Both qualitative principles and quantitative models identify factors that affect behavior. The difference between them is that the latter, but not the former, quantitatively describe the magnitudes of the effects. Operant learning is a process, in which the strength or likelihood of a behavior is modified by rewards and punishments. We demonstrate the difference between choice architecture and choice engineering in the framework of an operant learning task.
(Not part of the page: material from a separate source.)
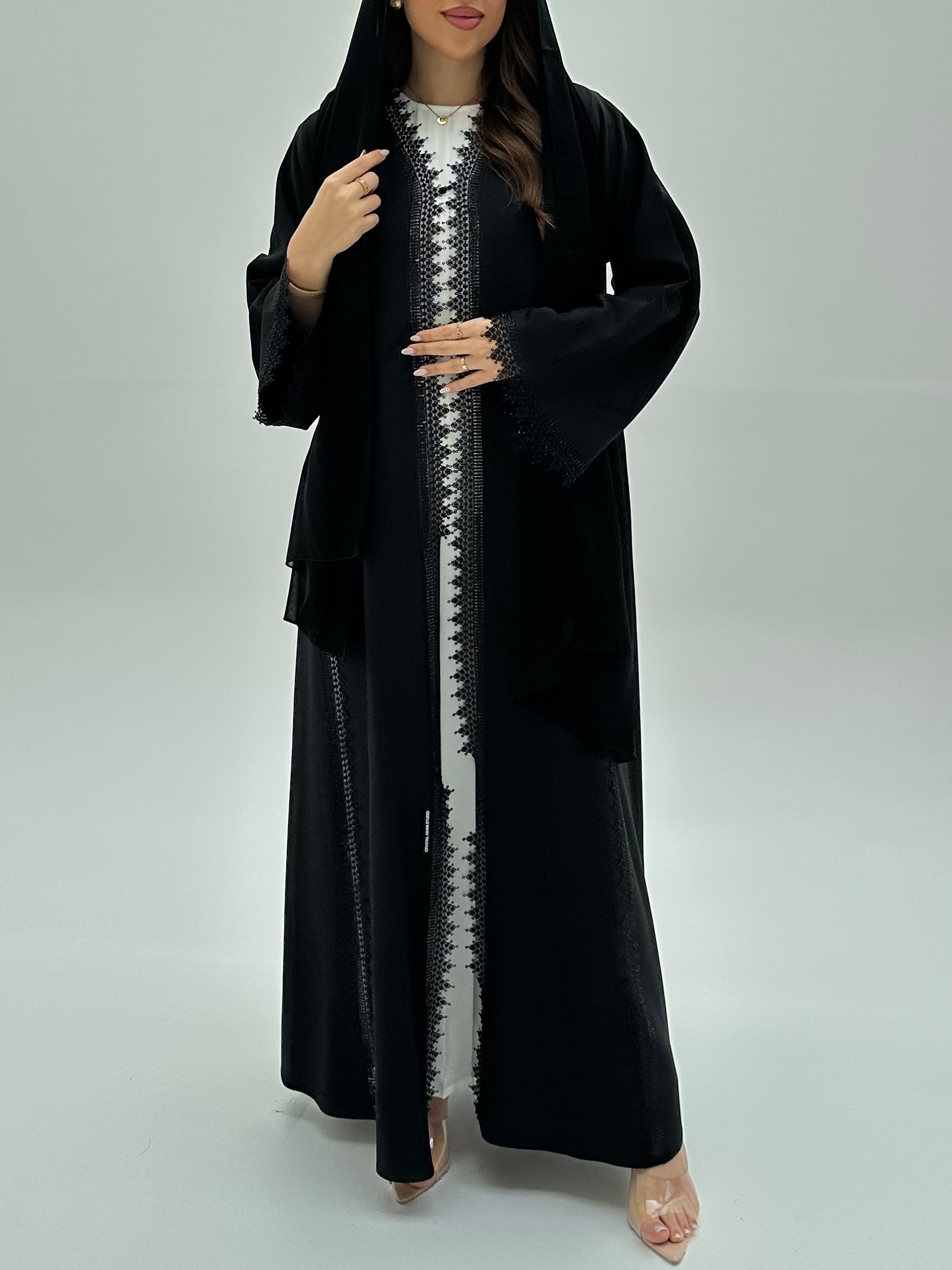 C 1937 Black Crystal Lace Abaya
Consider an objective function of maximally biasing choices in favor of a predefined alternative (defined here as alternative 1) in a repeated, two-alternative forced-choice task with binary rewards (Fig. 1a). How should a choice architect and a choice engineer allocate the rewards in view of this goal? Thorndike’s Law of Effect is a qualitative description of operant learning: “Of several responses made to the same situation, those which are accompanied or closely followed by satisfaction to the animal … will be more likely to recur”2. In line with this law of behavior, a choice architect (and common-sense intuition) would recommend allocating all available rewards to the desired alternative 1 (Fig. 1b). Subtler principles of choice become necessary if we add constraints, e.g., that the number of rewards that can be allocated to alternative 1 is limited. For a real-life example, assume that you organize a seminar course, and invite each week a different guest lecturer. Having taught the course in the past you know in advance, which lectures will be more interesting. How should you distribute those more interesting lecturers between the different weeks, if your goal is to maximize students’ attendance throughout the year?

Fig. 1
figure 1

Choice engineering in a repeated two-alternative forced-choice task. a Experimental task—A reward schedule allocates binary rewards to each of the alternatives in each of the trials. The subject repeatedly chooses between the two alternatives. If the subject chooses a rewarded alternative, then she receives a monetary reward in that trial. In this example, the first choice is “1” and it yields a reward ($ sign) while the second choice, “2”, does not yield any reward. No feedback is given about the foregone payoff (the reward that was associated with the alternative that was not chosen). b Based on the Law of Effect, bias in favor of alternative 1 is expected to be maximal if all choices of alternative 1 are associated with a reward (red circles) while choosing alternative 2 is never rewarded (black X). c Choice architecture. If the number of rewards associated with the two alternatives is constrained, a choice-architect may choose to use the primacy heuristic and place all rewards associated with alternative 1 at the beginning of the sequence and those of alternative 2 at its end. d, e A choice engineer can utilize a quantitative model of choice to optimize the reward schedule. d Static schedule optimized for a QL agent. e Static schedule optimized for a CATIE agent

For simplicity, we consider a symmetric problem in which an identical predefined number of rewards must be assigned to each alternative. The Law of Effect is not specific enough to prescribe the optimal allocation of rewards in this case. However, a choice architect may utilize additional qualitative psychological principle to allocate the rewards. For example, motivated by the primacy effect3 the architect may recommend to place all rewards that are associated with alternative 1 at the beginning of the sequence and those of alternative 2 at its end (Fig. 1c).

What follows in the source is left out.